Monday, March 15, 2010

Does this advertisement really sell tickets for the upcoming NASCAR Cup Series race at Texas Motor Speedway?

Photo Credit: Texas Motor Speedway via Motorsports Blog with Eddie Gossage. The caption read: Texas Motor Speedway president Eddie Gossage hesitated to go with this ad campaign, but NASCAR's decision to not suspend Carl Edwards helped him make his final decision.

The question for my readers is: Does this advertisement above really sell tickets to the upcoming Samsung Mobile 500 NASCAR Sprint Cup Series race next month at Texas Motor Speedway and would this campaign make you buy tickets?

Last Friday was the first time I actually noticed not only the above campaign advertisement, but the “APPROVED” campaign itself and that was only after another blogger mentioned it on his blog and then again on SPEED’s WindTunnel last night.

When I first saw this campaign, I actually questioned it in saying why would a racetrack want to promote their racing by using a controversial wreck that happened at another racetrack namely Atlanta Motor Speedway?

But as I come to find out not only by the WindTunnel interview with Eddie Gossage last night and but also by reading Gossage’s article on Motorsports Blog with Eddie Gossage, this is a series of advertisements with the words “Approved” on it.

By the way, I hate “Yes men” too, I like to be creative and speck my mind. Anyway, according to his latest blog posting, he mentioned two more “Approved” campaigns. The first one was Joey Logano's car flipped repeatedly during the 2009 AAA 400 at Dover International Speedway where the ad pitch was: "Tailgating. Approved."

The second one was Jimmie Johnson had his car mangled during the 2009 Chase for the Sprint Cup race at Texas Motor Speedway. The ad pitch in this case was "Door Dings. Approved."

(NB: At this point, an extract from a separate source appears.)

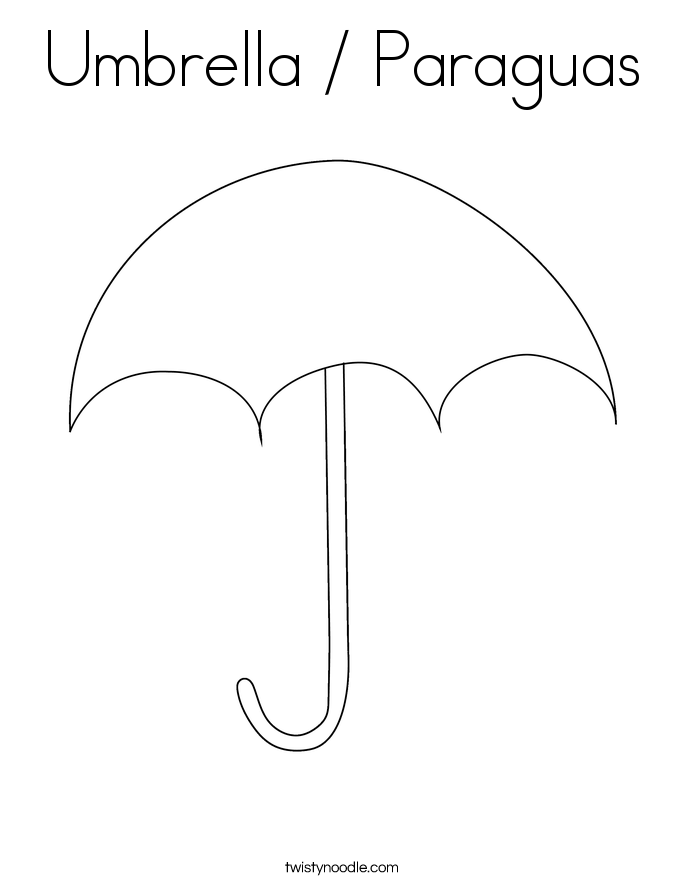 Umbrella / Paraguas Coloring Page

There are two points that I want to make here. First all three of the “Approved” advertisements campaign basically focus on the same thing, a wreck that happened either at Texas Motor Speedway or another racetrack which would be Dover and Atlanta Motor Speedway.

I don’t really understand why you would want to promote a race using a wreck as your main focus or at least that is how I interpret all three ads. But I will say that the ad is getting attention and that’s good, but what type of attention is needed to get people to buy tickets is the question. This is the debate.

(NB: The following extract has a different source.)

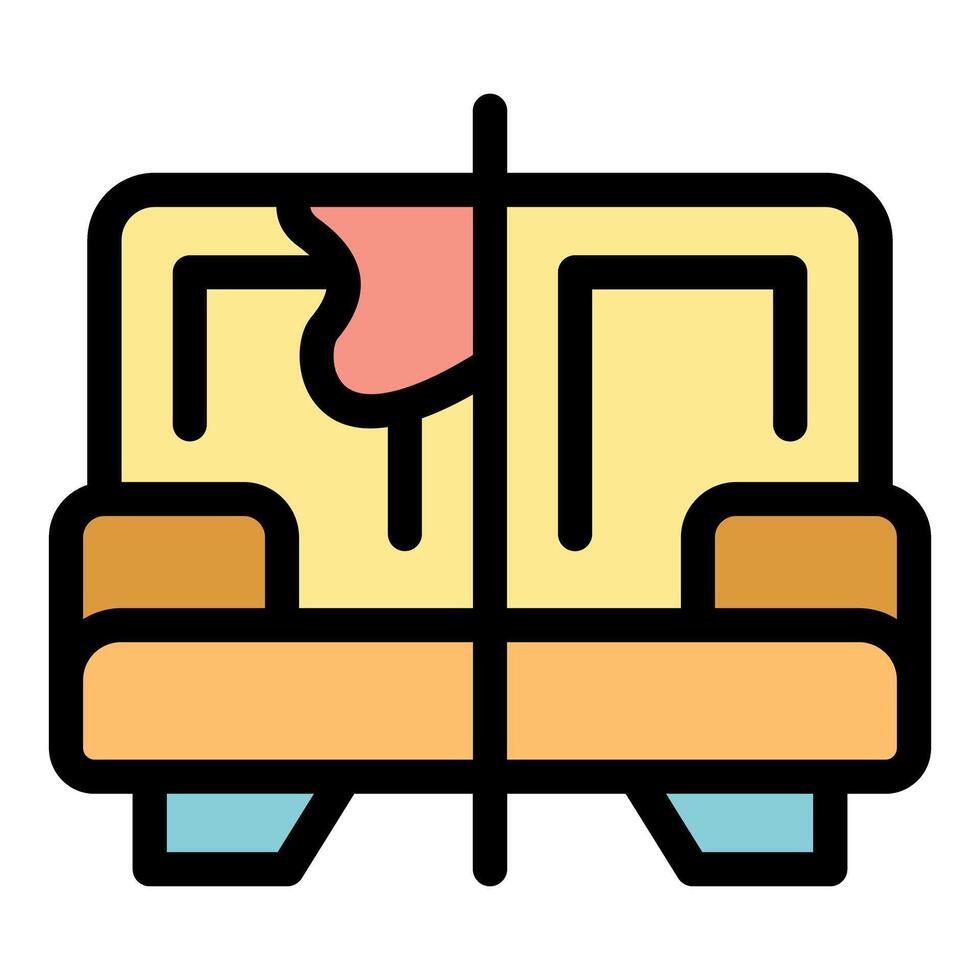 Cleaning service restoring damaged sofa to pristine condition vector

Now I realize that some NASCAR fans do watch NASCAR either for the wrecks or affiliate wrecks with NASCAR racing, however for a lot of fans including myself, I watch NASCAR for the racing and while I know wrecks can and most likely will happen, I don’t expect them. Of course that statement goes against “Expect the unexpect”, that saying is the saying on CBS’s Big Brother reality show.

As the “Approved” Campaign that features the Carl Edwards, Brad Keselowski payback wreck, I will say that Eddie Gossage did say that he thought long and hard about using this controversial wreck, however since NASCAR just gave Edwards a 4-race probation and no one was hurt, that sealed the deal for that one.

In all three cases, I do find that while they are a strength campaign, they do have some interest in getting NASCAR fans to buy tickets to the upcoming NASCAR Sprint Cup Series race that the ad is promoting. But I will also say that I don’t find them offensive.

Now as for the question of whether I think this advertisement above really sell tickets to the upcoming Samsung Mobile 500 NASCAR Sprint Cup Series race next month at Texas Motor Speedway and would I buy tickets?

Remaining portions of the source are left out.